### Records shown
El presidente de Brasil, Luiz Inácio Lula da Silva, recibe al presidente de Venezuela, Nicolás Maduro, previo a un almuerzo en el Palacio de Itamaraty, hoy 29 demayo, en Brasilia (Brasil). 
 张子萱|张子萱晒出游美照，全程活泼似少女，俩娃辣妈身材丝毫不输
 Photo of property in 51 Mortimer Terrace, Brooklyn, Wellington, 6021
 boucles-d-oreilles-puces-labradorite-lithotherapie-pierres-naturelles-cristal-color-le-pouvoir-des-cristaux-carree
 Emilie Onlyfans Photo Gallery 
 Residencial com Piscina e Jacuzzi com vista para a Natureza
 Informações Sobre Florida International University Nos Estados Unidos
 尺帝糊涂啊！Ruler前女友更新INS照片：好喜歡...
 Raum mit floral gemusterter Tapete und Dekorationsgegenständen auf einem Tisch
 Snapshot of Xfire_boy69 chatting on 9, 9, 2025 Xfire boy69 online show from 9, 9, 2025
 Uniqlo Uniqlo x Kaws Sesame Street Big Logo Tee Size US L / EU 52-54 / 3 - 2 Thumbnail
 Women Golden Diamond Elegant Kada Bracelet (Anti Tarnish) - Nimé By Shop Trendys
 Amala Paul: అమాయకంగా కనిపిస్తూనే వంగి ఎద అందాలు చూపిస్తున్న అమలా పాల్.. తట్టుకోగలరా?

### What the task asks
Please output the lines of the listing above that fall in the stretch from the one with "张子萱|张子萱晒出游美照，全程活泼似少女，俩娃辣妈身材丝毫不输" through the one with "Raum mit floral", exactly and only those.

### Answer section
 张子萱|张子萱晒出游美照，全程活泼似少女，俩娃辣妈身材丝毫不输
 Photo of property in 51 Mortimer Terrace, Brooklyn, Wellington, 6021
 boucles-d-oreilles-puces-labradorite-lithotherapie-pierres-naturelles-cristal-color-le-pouvoir-des-cristaux-carree
 Emilie Onlyfans Photo Gallery 
 Residencial com Piscina e Jacuzzi com vista para a Natureza
 Informações Sobre Florida International University Nos Estados Unidos
 尺帝糊涂啊！Ruler前女友更新INS照片：好喜歡...
 Raum mit floral gemusterter Tapete und Dekorationsgegenständen auf einem Tisch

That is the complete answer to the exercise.